【2月18日 AFP】英政府は17日、健康な被験者に新型コロナウイルスを人為的に感染させる世界で初めての研究について、同国の臨床倫理委員会が承認したことを受けて、1か月以内に着手すると発表した。最も効果の高いワクチンの特定などを目指す。

 民間企業・エネルギー・産業戦略省によると、18~30歳の被験者最大90人を、管理された環境下で新型コロナウイルスに感染させるもので、ワクチンや治療法の開発を促すため、個体への感染に必要なウイルス量を調べる。

 クワシ・クワルテング(Kwasi Kwarteng)民間企業・エネルギー・産業戦略相は、「ワクチン開発は大きく前進してきたが、より長期的な使用を見越して最も効果が高いワクチンを見つけたい」と述べた。

 クワルテング氏は、「(この研究は)コロナウイルスがヒトに及ぼす影響についての理解促進に役立つだけでなく、さらには速やかなワクチン開発の促進につながる可能性もある」と述べた。

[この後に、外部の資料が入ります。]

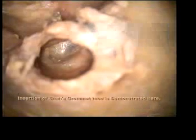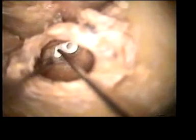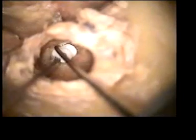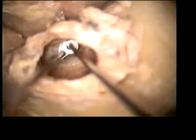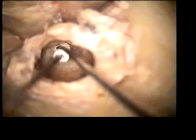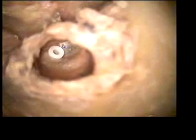Any fluid in the middle ear is sucked out carefully. Next, a grommet tube is inserted. In this exercise, insertion of a Shaw's grommet tube is being demonstrated. The grommet tube is dropped onto the tympanic membrane using a crocodile forceps. Next, the side flange of the Shaw's grommet tube is inserted through the incision first. The remaining part of the grommet is gently pushed using a smooth curved hook. This completes insertion of the grommet.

 この研究は、英政府が3360万ポンド(約49億円)を支援し、ロンドンのロイヤル・フリー病院(Royal Free Hospital)と共同で行う。英政府によると、同病院の臨床研究施設は、ウイルスを外部に漏らさない特別な設計になっている。

 研究の第1段階が終わった後、少数の被験者に臨床試験(治験)で安全性が確認されたワクチンを接種した上で新型コロナウイルスにさらし、最も効果の高いワクチンを特定する。